Now imagine that this problem also robs that nation’s citizens of life itself, draining years from their lifespans while depriving them of large sums of money. Imagine that it sickens and disables countless others, drives many people into bankrupcty, and kills more than two newborn infants out of every thousand born.

Imagine that fixing this problem would make result in a dramatic decline in publicly-held debt. It wouldn’t just “help” the debt problem, mind you – it would cause that debt to plunge.

And now imagine a national “deficit debate” which completely ignores this problem.

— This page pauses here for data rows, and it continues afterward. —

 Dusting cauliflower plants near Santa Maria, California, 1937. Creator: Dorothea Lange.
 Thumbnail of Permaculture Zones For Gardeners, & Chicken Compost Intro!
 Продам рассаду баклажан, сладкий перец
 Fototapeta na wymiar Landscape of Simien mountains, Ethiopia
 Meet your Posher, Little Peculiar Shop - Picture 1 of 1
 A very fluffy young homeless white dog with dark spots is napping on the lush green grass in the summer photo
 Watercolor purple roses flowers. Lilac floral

Imagine a news media which pretends the problem doesn’t exist. Imagine a corporate-funded “Fix the Debt” movement that refuses to mention it, and yet is treated as an objective source of information. Imagine a political consensus in which the debate isn’t around how to fix this problem, but how to cut service programs that help people cope with it.

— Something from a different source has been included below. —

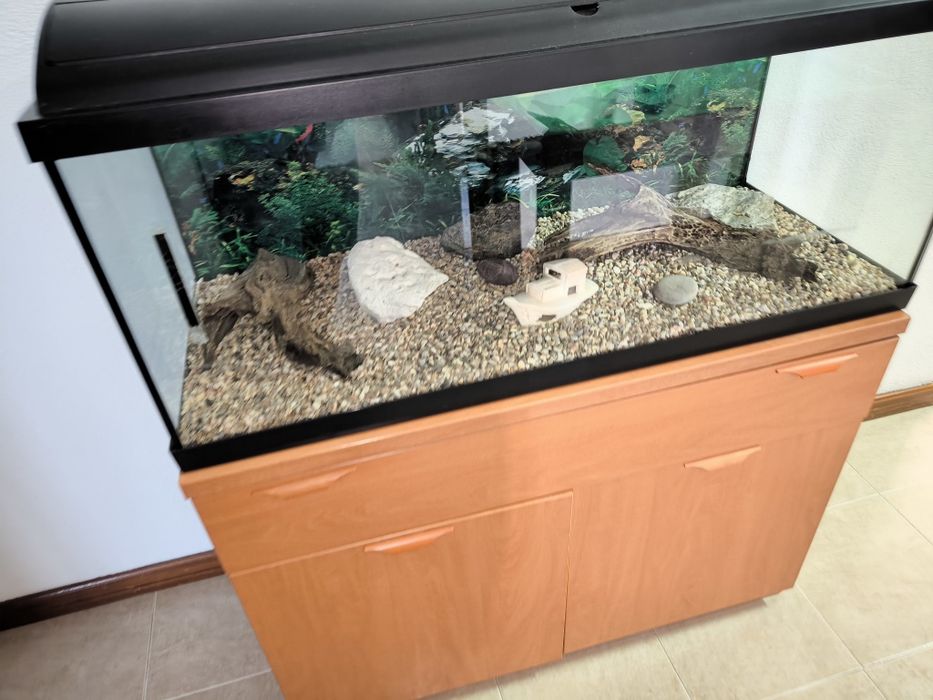 Aquário C/ Móvel 300L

Welcome to the United States of America, Jan. 2013.  It’s a land where the population is broke, sick, gypped, and mistreated. But the problem’s fixable – if we can find the political will.

Broke

The problem, of course, is our health care system – although “system” seems like a flattering word for this greed-driven, anarchic three-ring circus. Our health care system – guess we’ll need to call it that for lack of an alternativer – is the worst in the developed world. It costs far more, provides much less, and has worse outcomes than any system that’s even remotely comparable.

How bad is it?

Our health care spending is 17.6 percent of GDP , compared with an average of 9.6 percent for all developed countries. (All figures are from the compendium of health and economic statistics published by the Organization for Economic Cooperation and Development ( OECD ), unless otherwise indicated.)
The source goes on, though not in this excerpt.